Une attaque de la Russie en Moldavie ? « Une théorie assez tordue »
Pour Tanguy de Wilde d’Estmael, une attaque n’est donc pas à exclure totalement, mais à court terme, elle « ne semble pas être un objectif stratégique de la Russie, qui n’a d’ailleurs jamais défini de buts de guerre clairs, si ce n’est la « dénazification » et la conquête des quatre territoires séparatistes ukrainiens (Donbass, Lougansk, Zaporijia et Kherson). Or, les avancées pour remplir ces objectifs sont minces. A cet égard, aller jusqu’en Transnistrie semble, si pas impossible, très difficile. »

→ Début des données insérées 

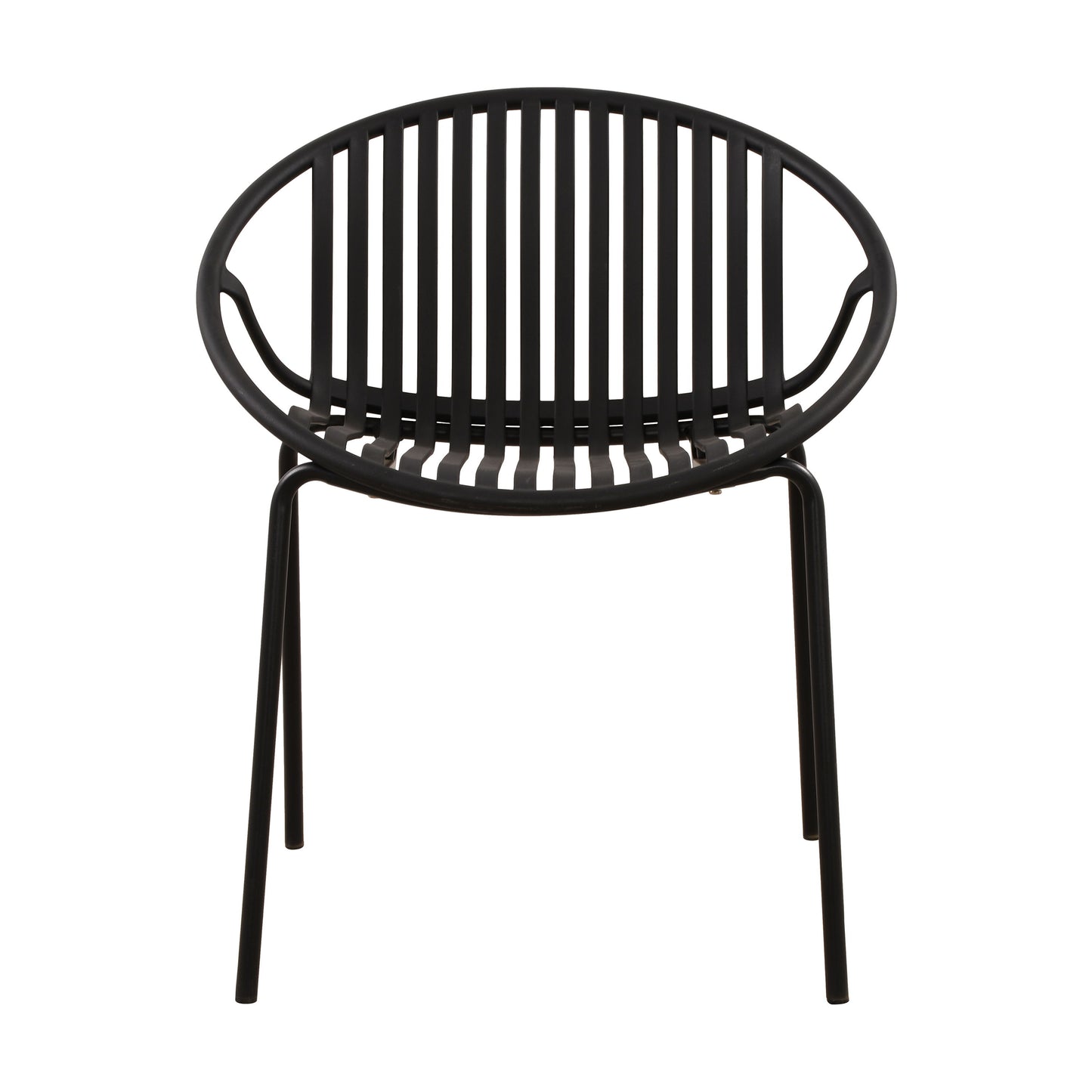 Modern Metal And Polypropylene 7 Piece Outdoor Dining Set With Stackable Chairs - Black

Dès lors, si des futurs actes occidentaux tendent à limiter l’influence de la Russie dans la région, « cela engagerait un nouveau rapport de force. L’UE devrait plutôt tenter de voir comment intégrer la Transnistrie dans le paysage politique de la Moldavie », estime Nina Bachkatov.
La spécialiste du monde soviétique rappelle en outre que le conflit est loin d’être neuf. Il date de la fin de l’URSS, où certaines républiques russophones souhaitaient s’affirmer de manière plus claire, et dépasser le stade de « provinces ». « Le système de région autonome, sorte de compromis, a bien fonctionné à une époque. Il convenait d’une autonomie culturelle des régions, avec, en retour, une reconnaissance des frontières nationales du pouvoir central. Il faudrait aller dans ce sens-là », plaide-t-elle.
A ses yeux, l’ouverture d’un deuxième front russe en Transnistrie « est une théorie assez tordue » pour des raisons « géographiques » (la Transnistrie n’a pas de frontière commune avec la Russie), et « techniques » (comment les Russes pourraient-ils transporter du matériel militaire sur le flanc sud-ouest, détenu par l’Ukraine ?).
« Il se passe quelque chose, c’est clair, mais il ne faut pas mettre de l’huile sur le feu dans une autre région. Par ailleurs, ce n’est pas le moment de régler un conflit qui implique Russes et Occidentaux, puisqu’ils ne se parlent pas actuellement », remarque-t-elle enfin.